Expedia Inc.
- Company type: Subsidiary
- Website type: Travel agency; Metasearch engine;
- Owner: Expedia Group
- General manager: Tracey Weber
- Website: expedia.com
- Commercial: Yes
- Registration: Yes
- Launched: October 22, 1996; 29 years ago
- Current status: Active

= Expedia =

Online travel agency and metasearch engine

Expedia Inc. is an American online travel agency owned by Expedia Group, which is headquartered in Seattle, Washington. When Microsoft Corporation launched Expedia on the Microsoft Network in October 1996, it was the first online travel service to be offered by a major technology company, allowing consumers to make air, car, and hotel reservations online and to browse a library of multimedia travel guides. Expedia was founded on October 22, 1996, inside Microsoft in Redmond, Washington, led by Richard (Rich) Barton and a small team who saw an opportunity to bring transparent airfare, hotel, and car booking directly to consumers without travel agents.

Through its website and mobile app, customers can book airline tickets, hotel reservations, car rentals, cruise ships, activities, and vacation rentals. Once operating solely as Expedia.com, the group gradually acquired a wide range of travel brands, including Vrbo, Hotels.com, and Trivago, becoming the second-largest online travel agency worldwide, just behind Booking Holdings. Expedia is the lead travel app in the US market, with 19.3% market share, and operates over 200 travel websites.

==History==

Microsoft launched the first public beta of the Expedia booking engine in October 1996, positioning it as a consumer complement to its MSN portal. After early traffic growth, Microsoft announced plans to float the unit; the initial public offering on 10 November 1999 was priced at US$14 and the shares closed the first day at US$37, valuing the business at more than US$2 billion.

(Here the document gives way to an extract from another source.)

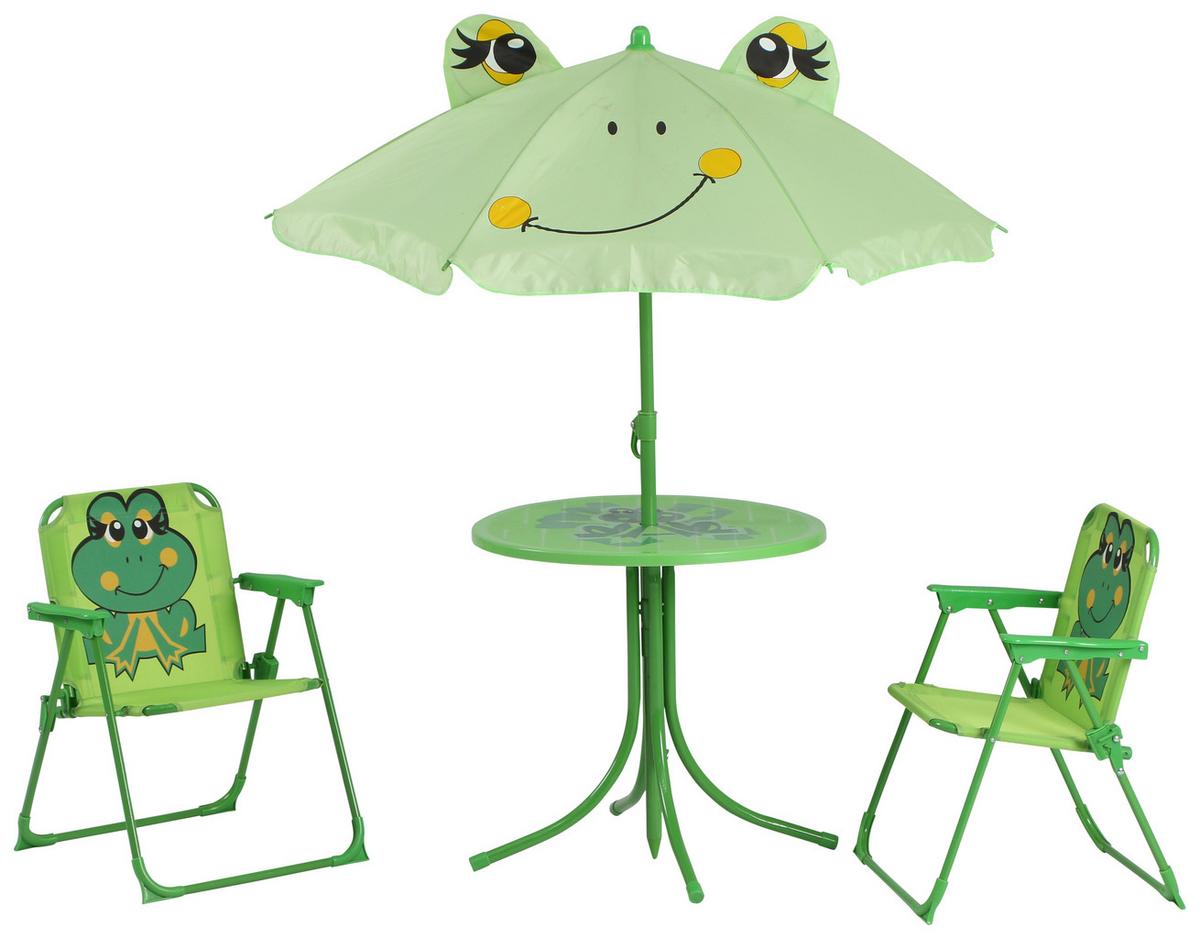 Kinder-Gartenset Froggy Grün - Grün, MODERN, Textil/Metall - Siena Garden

In July 2001, Barry Diller’s USA Network (later IAC/InterActiveCorp) agreed to purchase a 75 % stake in Expedia for about US$1.5 billion, marking one of the first large-scale Internet travel acquisitions. IAC took full control in 2003 and subsequently consolidated its various travel holdings. Shareholder pressure to unlock value led IAC to spin off its travel division as a standalone, Nasdaq-listed company, Expedia Inc., on 9 August 2005.

During the late 2000s Expedia broadened its portfolio with brands such as Hotels.com, Hotwire, Vrbo and regional OTAs. In April 2011 the company announced plans to separate its user-generated-content unit TripAdvisor; analysts welcomed the move and Expedia shares rose 11 %.

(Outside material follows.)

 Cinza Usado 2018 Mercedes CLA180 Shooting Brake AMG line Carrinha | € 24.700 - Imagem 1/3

In February 2020, chairman Barry Diller ordered a cost-cutting programme that eliminated about 3,000 jobs (≈12 % of staff) after characterising the organisation as “bloated and sclerotic.”

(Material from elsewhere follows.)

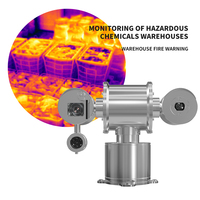 Caméra thermique PTZ numérique haute précision, caméra thermique infrarouge industrielle, résolution 640x512 pour l'inspection électrique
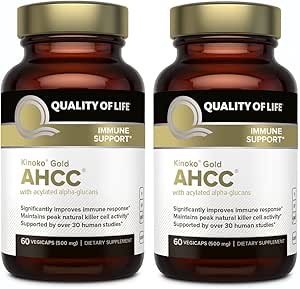 Quality of Life Premium Kinoko Gold AHCC Supplement - 2 Pack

Expedia, Hotels.com, and Vrbo share a loyalty program called One Key, which launched in July 2023.

In 2025, Expedia was the first online travel agency to partner with Southwest Airlines to start selling tickets on behalf of the airline.

==Criticism and legal issues==
===Delays in refunds of flights cancelled due to COVID-19===
In 2020, during the COVID-19 pandemic, customers complained regarding the process to get refunds for cancelled flights. Customers complained of excessively long call times and being unable to get through to a representative. This led to many lawsuits.

===False advertising and trademark violation===
In August 2016, Buckeye Tree Lodge and Sequoia Village Inn, LLC filed a class-action lawsuit in California accusing the company and its partners of violating trademark rights of numerous independent hotel and motel establishments by running advertising implying that consumers could book reservations for those hotels on Expedia even though Expedia had no relationship with those hotels, in violation of the Lanham Act, and also falsely noting that hotels with which the company had no relationship were "sold out". In April 2021, the lawsuit was settled and the company promised not to engage in false advertising.

=== Listings in Israeli settlements ===
Expedia, along with other travel companies, such as Booking.com and TripAdvisor, has been criticized by activists and NGOs, such as Amnesty International, for offering holiday apartments in illegal Israeli settlements under international law in the occupied West Bank.

In February 2026, a coalition of Spanish civil society organisations filed a criminal complaint in the courts of Madrid against eDreams ODIGEO, Booking.com, and an Expedia subsidiary. The complaint alleged money laundering from proceeds linked to war crimes in occupied Palestinian and Syrian territories, invoking Articles 301 and 611 of the Spanish Penal Code and Spain's Royal Decree-Law 10/2025, adopted in September 2025, which prohibits the advertising of services in occupied territories.